Raw data section start

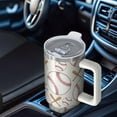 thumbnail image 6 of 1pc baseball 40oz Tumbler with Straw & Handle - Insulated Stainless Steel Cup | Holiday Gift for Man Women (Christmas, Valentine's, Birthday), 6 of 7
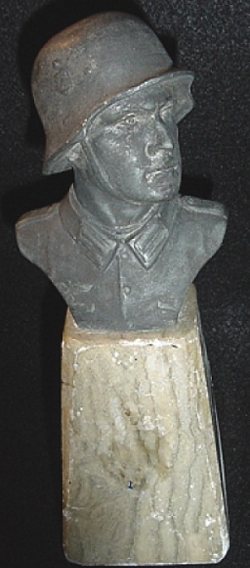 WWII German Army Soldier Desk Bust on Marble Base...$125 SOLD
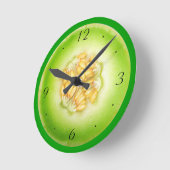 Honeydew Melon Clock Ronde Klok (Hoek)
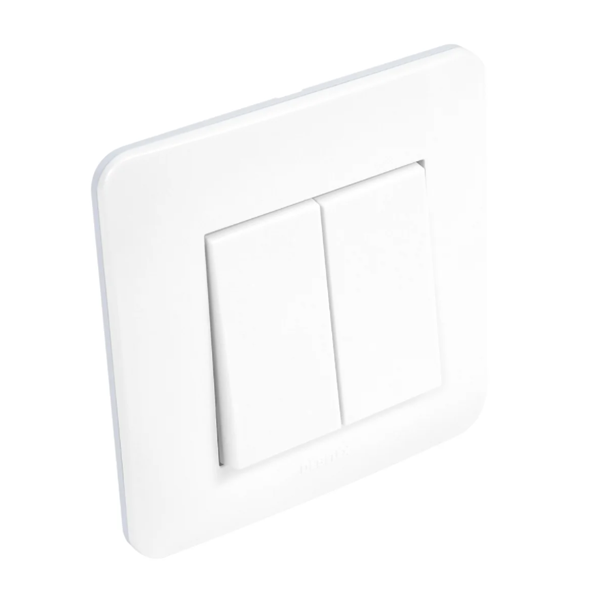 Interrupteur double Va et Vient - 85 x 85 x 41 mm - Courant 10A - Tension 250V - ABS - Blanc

Raw data section end

### Your objective:
No picture is to be included when the lines from the one containing "Honeydew Melon Clock Ronde Klok (Hoek)" through the end of the material above are output exactly; nothing else is written.

### The completed task:
 Honeydew Melon Clock Ronde Klok (Hoek)
 Interrupteur double Va et Vient - 85 x 85 x 41 mm - Courant 10A - Tension 250V - ABS - Blanc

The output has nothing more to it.